Friday, February 29, 2008

Why I Won't Vote For Huckabee

I don't think that people understand the antipathy that most Mormons feel toward a man like Huckabee. Too many of us, he represents all the persecution that we have suffered at the hands of fellow Christians since the founding of our church. That's not entirely fair, since he's only been around for 50 some-odd years and as far as I know he hasn't published anything condemning Mormons. But he's set himself up to be the face of anti-Mormon Christians. It didn't bother me that he was a former Southern Baptist preacher until his interview in the New York Times magazine where he said regarding Mormonism, "Don't Mormons believe that Jesus and the Devil are brothers?" He later apologized for the comments and claimed that he asked the question out of ignorance. But that only proved that he is a liar because he knew exactly what he was doing and he revealed exactly what kind of Christian he is. A follow-up article in the New York Times addressed this issue:

The question posed by Mr. Huckabee in an article to be published Sunday in The New York Times Magazine and available at is one of the standard sensationalistic A-bombs often hurled at Mormons by their detractors, said Scott A. Gordon, president of the Foundation for Apologetic Information and Research, a group based in Redding, Calif., that defends Mormon theology.
“It’s an attack question,” Mr. Gordon said, “because it starts with a kernel of truth and shapes it into something that most Mormons wouldn’t recognize about their faith.”

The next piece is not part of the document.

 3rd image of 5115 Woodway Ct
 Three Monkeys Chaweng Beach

"Mormons believe that the Devil and Jesus are brothers" is the classic attack used by preachers and publishers of anti-Mormon literature to incite shock and disgust in their readers. It's designed to prove that anyone that believes something so outlandish and blasphemous cannot possibly be a fellow Christian. But it is a distortion of actual LDS doctrine, which is summed up well in the same follow-up NY Times article:

In Mormon theology, God is literally the father of all beings, and all beings once existed in a “premortal” state as “spirit beings,” said Robert L. Millet a professor of religion at Brigham Young University, a Mormon institution in Provo, Utah. Jesus was God’s first-born son, and everyone who came after that, including Satan could be considered the siblings of Jesus, he said. “Latter-day Saints believe that all of us, Christ included, existed in a premortal existence, as spirits,” Mr. Millet said. “Yes, Jesus and Lucifer were in that premortal existence, together. But what we need to make very clear is that Jesus was God and there was never a time when Jesus and Lucifer were on the same plane.”To say Jesus and Satan were brothers, Mr. Gordon said, is like saying, “Do you know you’re related to Adolf Hitler because we’re all part of the same family of man?”

But whatever the truth is, there will still be some evangelicals that will still call us non-Christians according to their exclusive definition of a Christian. We pray in the name of Jesus Christ after the manner found in the Lord's Prayer, we partake of the sacrament every Sunday as outlined in the New Testament, our church's official name is the Church of Jesus Christ of Latter-day Saints. Yet all of that is not sufficient for many evangelicals because we have committed the ultimate heresy in not accepting the doctrine of the Trinity and we have another book of scripture, the Book of Mormon. So they deny us the title of Christian and slander us with the title of "cult."

Mike Huckabee has become the face of this anti-Mormon movement because he has assumed the mantle of Christian Leader and has not denounced the anti-Mormon bigotry that infuses his campaign and his followers. Plus,he has refused to release any recording of his sermons. Whether these recording would reveal any anti-Mormon rhetoric or just the usual pro-marriage, pro-family, anti-gay stuff, I don't know. I guess we'll never know. But I've heard plenty from his followers every day on talk radio and read their blog comments. Even after Mitt Romney had dropped out, Huck and his followers continued to attack him and attack Mormonism. Huck was a little more cautious about making anti-Mormon remarks, but his supports made no such distinction.

Over the years, I've heard many of these individuals claim that they are doing this out of love, out of concern for out souls, and that may be true for a few people. But I've heard the venom dripping in their voices, seen the hate in their faces as they picketed Temple Square, and read the titles of their anti-Mormons screeds that they sell for a profit, and I don't believe it. I have always believed that all people should be allowed to worship God according to their conscience (as long as it doesn't infringe on the rights of others) and it bothers me that some people would not vote for someone based purely on their religiously beliefs. I believe that was one of the difficulties Mitt Romney had in his campaign. He did much better than I expected, which shows that the majority of Americans are fair-minded people. But in places like California, where the races were close, was the anti-Mormon feeling enough to tilt the outcome? I don't know.

I just know that unless Mike Huckabee comes out and openly condemns this kind of bigotry and apologizes on behalf of himself and his campaign, I could never vote for him. So, you go McCain! Whatever he may feel personally about Mormons, at least he knows better than to run on anti-Mormon bigotry since a large percentage of his constituents in AZ are LDS.

1 comment:

Randy said...

I've really come to strongly dislike Huckabigots.